BEGIN Entries provided

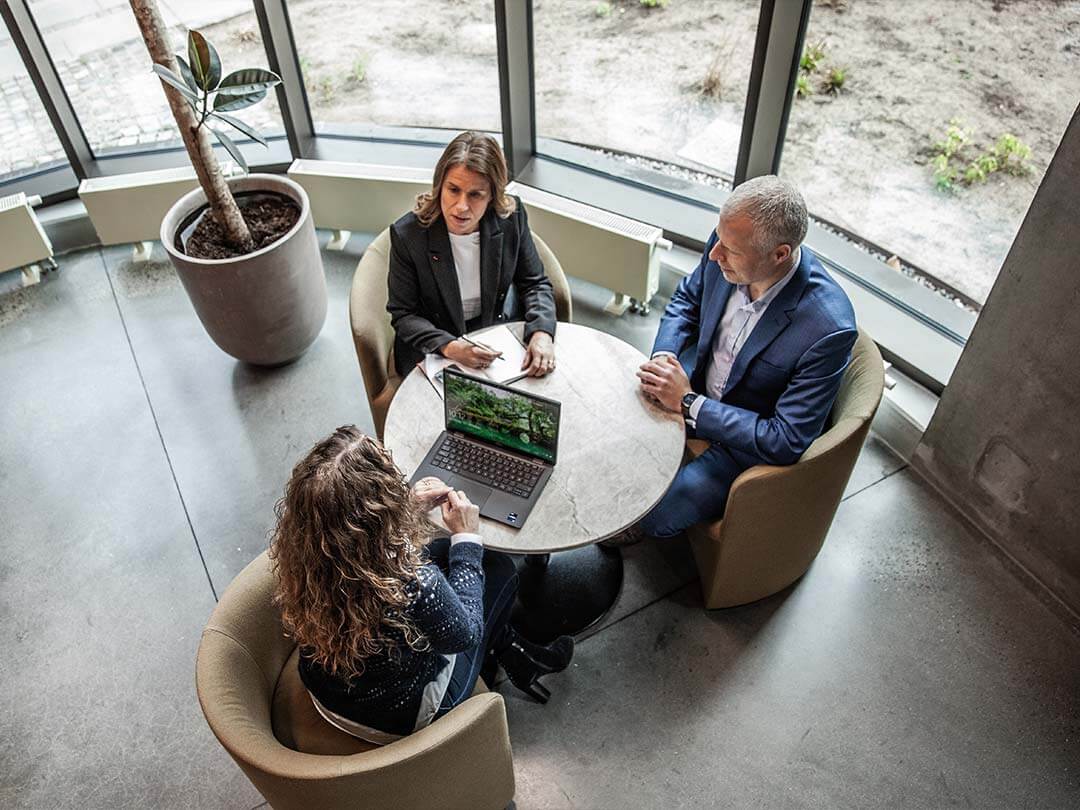 Tre personer sitter rundt et bord og diskuterer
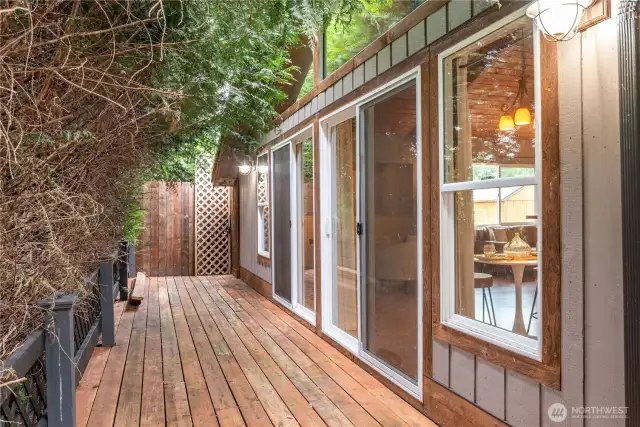 Wall of windows looking out to the trees, makes it feel like a treehouse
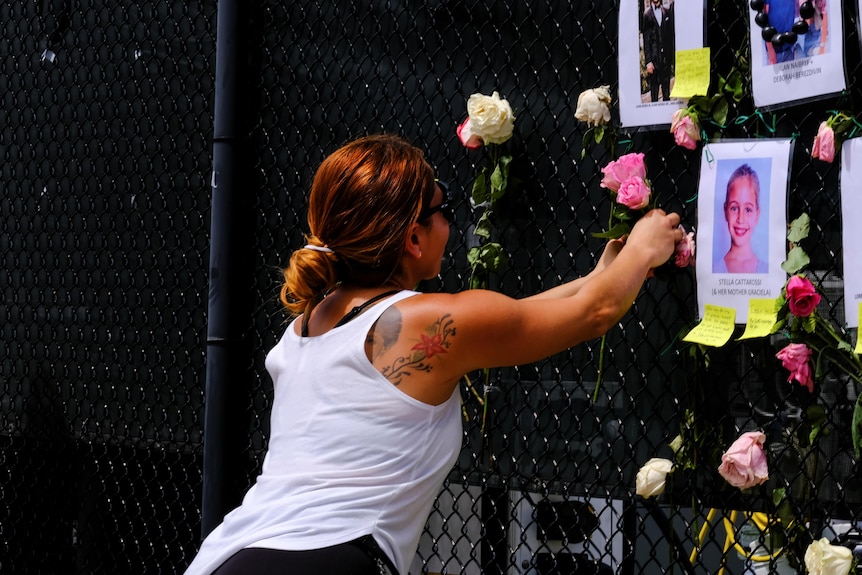 Una giovane donna tatuata mette un fiore su una ringhiera commemorativa che mostra il ritratto della ragazza.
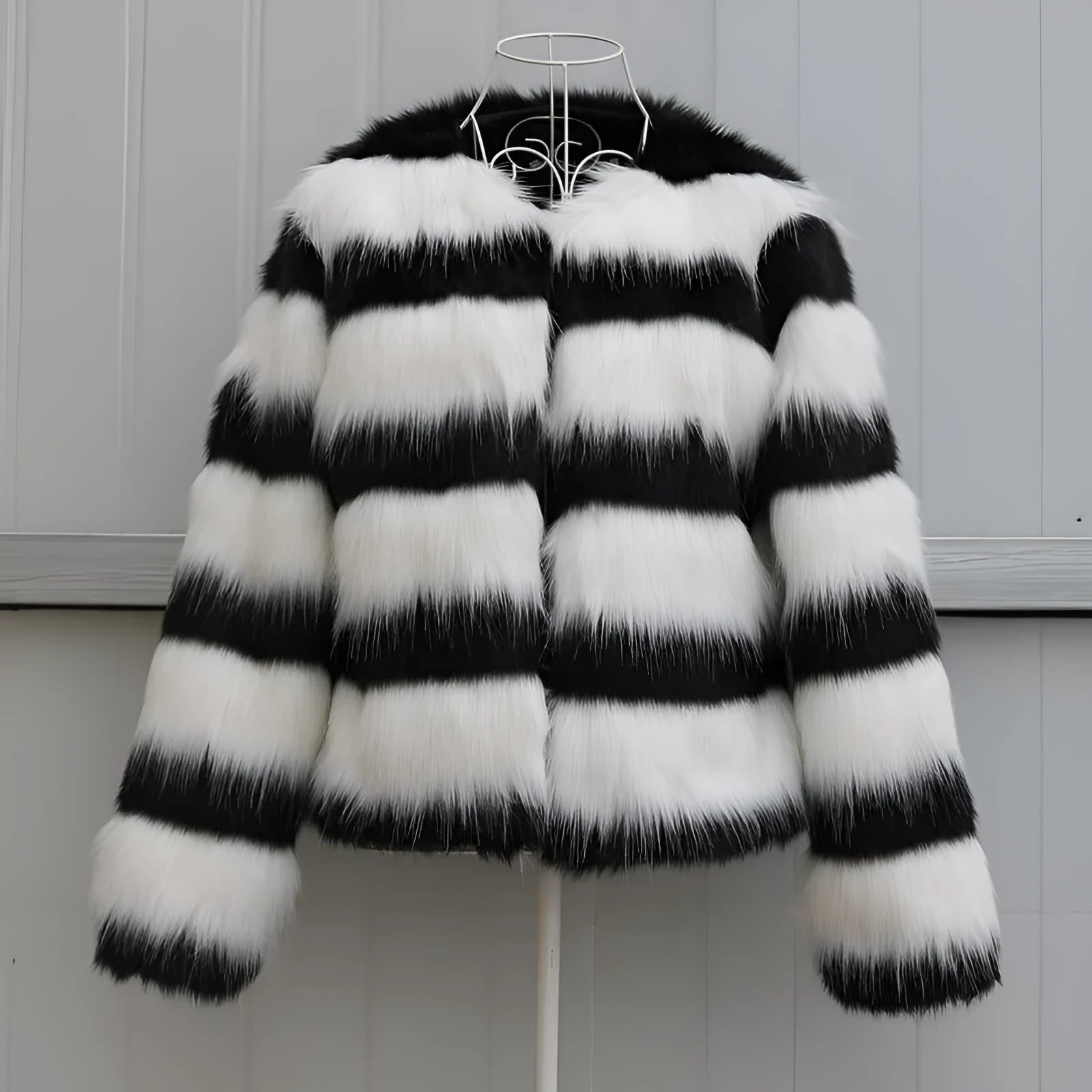 Women's long-sleeved black and white striped faux fur leather jacket on a hanger.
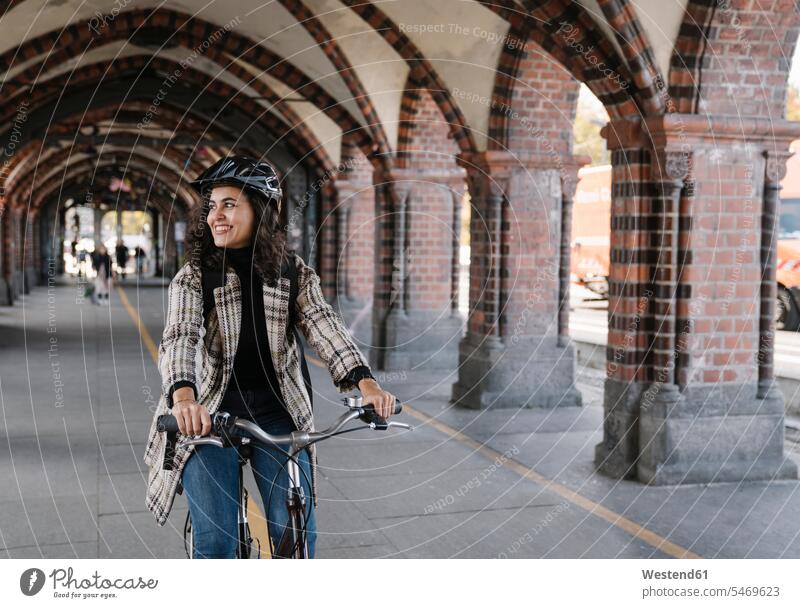 Happy woman riding bicycle in the city, Berlin, Germany bikes bicycles Cycle Cycle - Vehicle smile travel traveling delight enjoyment Pleasant pleasure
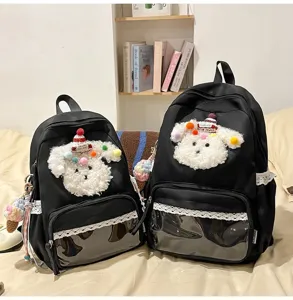 Joli sac à dos pour chiot de dessin animé avec bordure en dentelle et poche avant transparente.
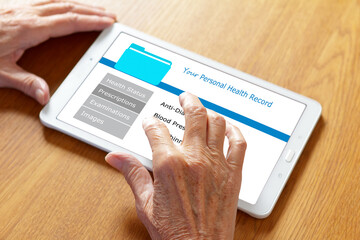 Mobile health concept: personal patient record on a tablet computer, hands of an old woman touching...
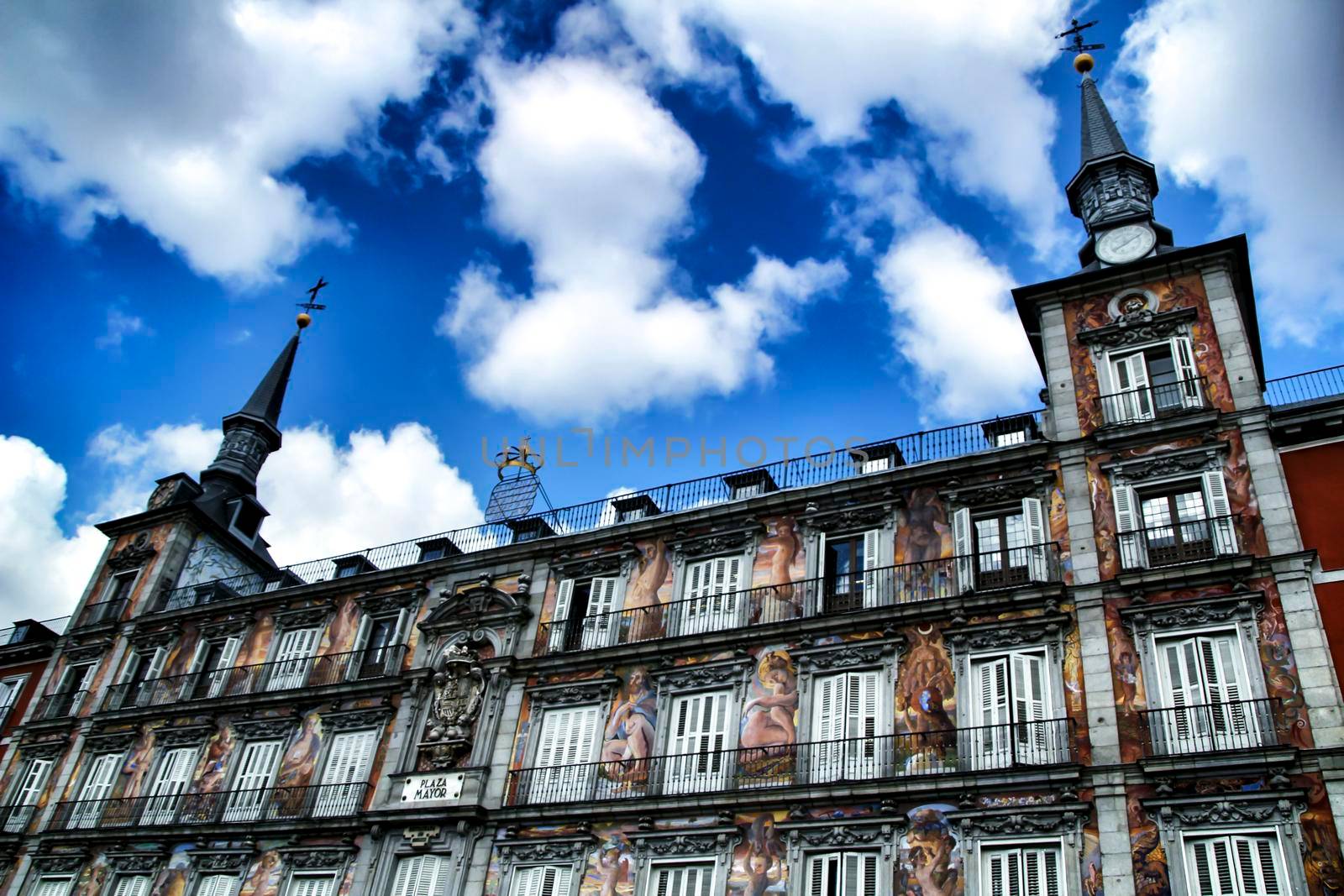 Beautiful main square in Madrid called Plaza Mayor with its majestic facades in a sunny day of Spring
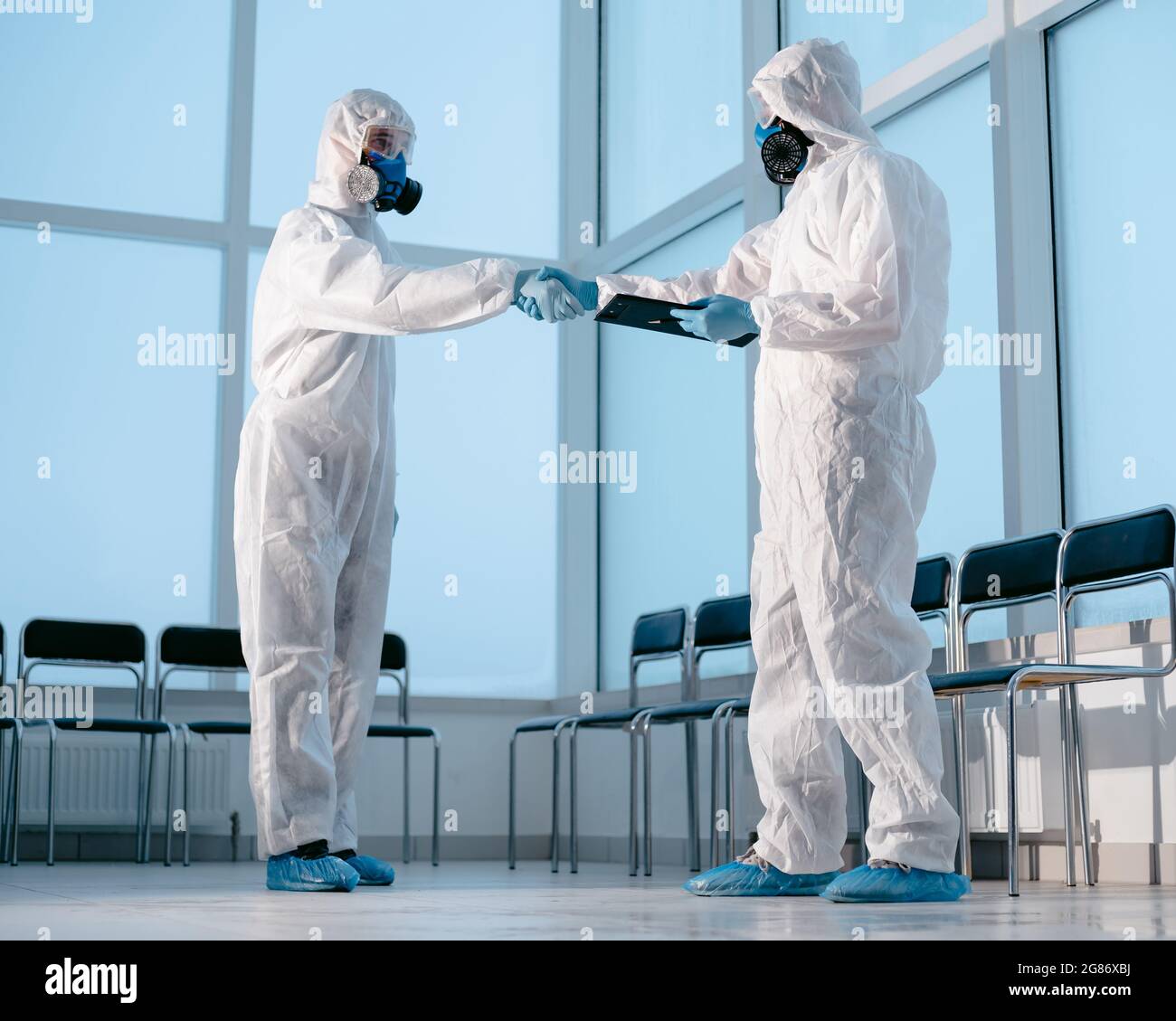 lab technicians in protective suits shaking hands. Stock Photo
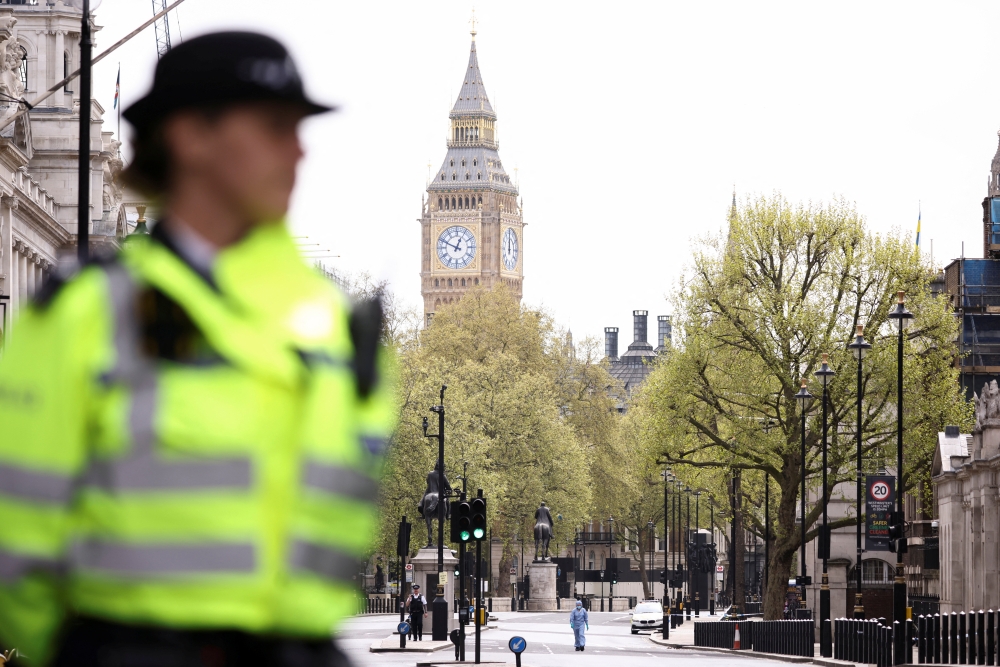 A forensic official and police officers work at a cordon on Whitehall in Westminster after the road was closed by police following an incident involving the arrest of a man near Downing Street, in London, Britain, April 18, 2022. REUTERS/Henry Nicholls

END Entries provided

→ How to complete this task: Exact copy, pictures omitted: every line from the one holding "Mobile health concept: personal" through the last line of the data above, and nothing else.

→ Reply to the exercise:
 Mobile health concept: personal patient record on a tablet computer, hands of an old woman touching...
 Beautiful main square in Madrid called Plaza Mayor with its majestic facades in a sunny day of Spring
 lab technicians in protective suits shaking hands. Stock Photo
 A forensic official and police officers work at a cordon on Whitehall in Westminster after the road was closed by police following an incident involving the arrest of a man near Downing Street, in London, Britain, April 18, 2022. REUTERS/Henry Nicholls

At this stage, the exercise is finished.